TOP football clubs say they are facing greater scrutiny over their financial affairs in the wake of Rangers' much-publicised battles with the taxman.
A survey of clubs in the Scottish Professional Football League found at least a quarter say HMRC is becoming more vigilant and vocal in approaching them regarding their tax affairs, with officials contacting them "more frequently and earlier" than previous years.
Rangers were placed into liquidation in February 2012 after running up tax debts of £15 million, and have faced a lengthy probe over their use of controversial tax-free payments to players, which is currently working its way through the courts.
Loading article content
The annual survey by accountants and business advisers BDO LLP found this may have led to other clubs' affairs coming under the microscope, despite none of them reporting delays in any tax payments.
The survey, which did not reveal individual clubs' responses, also found the wealth gap between Scotland's bigger clubs and those on more restricted finances is growing, with the top teams attracting the lion's share of broadcast revenues, ticket sales and backing from investors.
At the same time one third (33 per cent) of SPFL clubs reported reduced match ticket sales over the last season; 66 per cent reported a fall in match day catering; and 50 per cent a drop in corporate entertaining.
The biggest concern for clubs is falling attendance due to the economic environment followed equally by inflexible players' salaries and the ability to attract sponsorship.
All clubs reported finding suitable sponsors was becoming harder although a third stated revenues were increasing from commercial contracts.
However, the report found more clubs are optimistic about their finances compared to last year, with 83 per cent of SPFL clubs stating their financial position as very healthy or not bad, and 17 per cent stating their finances were in need of attention.
None of the clubs relied on any secondary funding source such as season ticket advances, while 11 said they would spend less than £2.5m on players during the next two seasons.
Transfer budgets will increase at one club and remain the same at the remainder in the coming year. Two-thirds of the clubs stated they have clauses in player contracts which stipulate wages will be cut if the team is relegated. None of the clubs believe there will be a decline in any of the major revenue streams in the coming season.

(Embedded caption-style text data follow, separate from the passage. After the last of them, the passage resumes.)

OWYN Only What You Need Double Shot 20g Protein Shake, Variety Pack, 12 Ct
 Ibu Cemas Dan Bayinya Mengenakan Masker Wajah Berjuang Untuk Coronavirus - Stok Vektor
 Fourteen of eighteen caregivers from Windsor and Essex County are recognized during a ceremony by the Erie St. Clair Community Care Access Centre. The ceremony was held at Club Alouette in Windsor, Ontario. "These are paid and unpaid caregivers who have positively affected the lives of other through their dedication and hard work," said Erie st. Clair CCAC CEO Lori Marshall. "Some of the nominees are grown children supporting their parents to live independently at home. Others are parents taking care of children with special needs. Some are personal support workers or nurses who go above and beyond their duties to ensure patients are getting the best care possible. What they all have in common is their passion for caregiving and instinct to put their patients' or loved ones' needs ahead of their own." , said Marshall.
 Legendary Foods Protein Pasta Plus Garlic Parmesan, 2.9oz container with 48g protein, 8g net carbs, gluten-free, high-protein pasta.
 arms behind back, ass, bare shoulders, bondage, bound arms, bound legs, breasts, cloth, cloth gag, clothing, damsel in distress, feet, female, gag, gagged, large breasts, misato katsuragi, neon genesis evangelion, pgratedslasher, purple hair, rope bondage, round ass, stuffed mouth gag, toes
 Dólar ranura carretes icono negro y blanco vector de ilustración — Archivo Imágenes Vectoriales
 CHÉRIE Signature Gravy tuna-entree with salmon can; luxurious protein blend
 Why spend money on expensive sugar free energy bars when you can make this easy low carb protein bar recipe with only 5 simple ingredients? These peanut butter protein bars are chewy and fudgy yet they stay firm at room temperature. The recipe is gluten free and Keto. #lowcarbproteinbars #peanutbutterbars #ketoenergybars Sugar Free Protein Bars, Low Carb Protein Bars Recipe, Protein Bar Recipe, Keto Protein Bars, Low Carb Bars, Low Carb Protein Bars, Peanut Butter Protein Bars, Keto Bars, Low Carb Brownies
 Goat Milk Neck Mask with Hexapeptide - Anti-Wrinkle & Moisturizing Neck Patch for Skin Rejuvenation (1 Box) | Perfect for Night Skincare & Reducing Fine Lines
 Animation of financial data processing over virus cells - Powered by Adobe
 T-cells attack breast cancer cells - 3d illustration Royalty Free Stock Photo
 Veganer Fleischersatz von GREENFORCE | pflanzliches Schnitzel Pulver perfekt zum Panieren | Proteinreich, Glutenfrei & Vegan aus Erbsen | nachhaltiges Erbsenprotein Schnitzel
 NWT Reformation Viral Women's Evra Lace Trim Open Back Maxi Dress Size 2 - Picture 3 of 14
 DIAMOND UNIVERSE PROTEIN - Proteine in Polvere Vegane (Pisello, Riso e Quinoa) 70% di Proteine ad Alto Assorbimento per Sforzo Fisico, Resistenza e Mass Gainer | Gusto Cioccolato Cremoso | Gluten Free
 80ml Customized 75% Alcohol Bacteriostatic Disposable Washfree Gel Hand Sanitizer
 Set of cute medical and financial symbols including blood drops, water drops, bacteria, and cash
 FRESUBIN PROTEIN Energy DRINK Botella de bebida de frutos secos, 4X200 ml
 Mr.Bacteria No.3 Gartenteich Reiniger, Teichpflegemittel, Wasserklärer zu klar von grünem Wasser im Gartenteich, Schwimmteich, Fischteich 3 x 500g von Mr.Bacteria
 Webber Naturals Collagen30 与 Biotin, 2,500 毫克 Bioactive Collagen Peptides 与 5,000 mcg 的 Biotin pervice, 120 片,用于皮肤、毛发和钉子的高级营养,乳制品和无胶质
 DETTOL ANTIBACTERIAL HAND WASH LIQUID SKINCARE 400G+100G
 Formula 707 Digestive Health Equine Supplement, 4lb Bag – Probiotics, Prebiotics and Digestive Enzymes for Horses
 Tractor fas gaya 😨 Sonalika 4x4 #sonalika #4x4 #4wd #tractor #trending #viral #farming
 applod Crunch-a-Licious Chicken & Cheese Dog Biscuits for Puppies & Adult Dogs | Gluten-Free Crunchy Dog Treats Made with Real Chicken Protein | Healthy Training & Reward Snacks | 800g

Charles Barnett, professional sports group partner at BDO, said: "There are clear signs the financial lessons of the last few years have been learned by most of the clubs in the SPFL.
"There is no mortgaging the future through season ticket advances and clubs appear to have made a conscious decision to live within their means.
"The last few years have undoubtedly seen an enormous and unprecedented shake up in the finances of Scottish football.
"It remains to be seen whether this may turn out to be a positive development in financially boosting the lower divisions but for Scottish football it has been a wake-up call that the high spending excesses of previous decades are long gone and that financial reality must rule in future."
A spokeswoman for HMRC said: "The overwhelming majority of football clubs pay the right tax at the right time.
"We recognise the crucial role they play in contributing to the UK's economy which is why we work hard to help them to get their tax right from the outset.
"We provide tailored help for football clubs that want it, while tackling those who attempt to get an unfair business advantage by not keeping to the tax rules."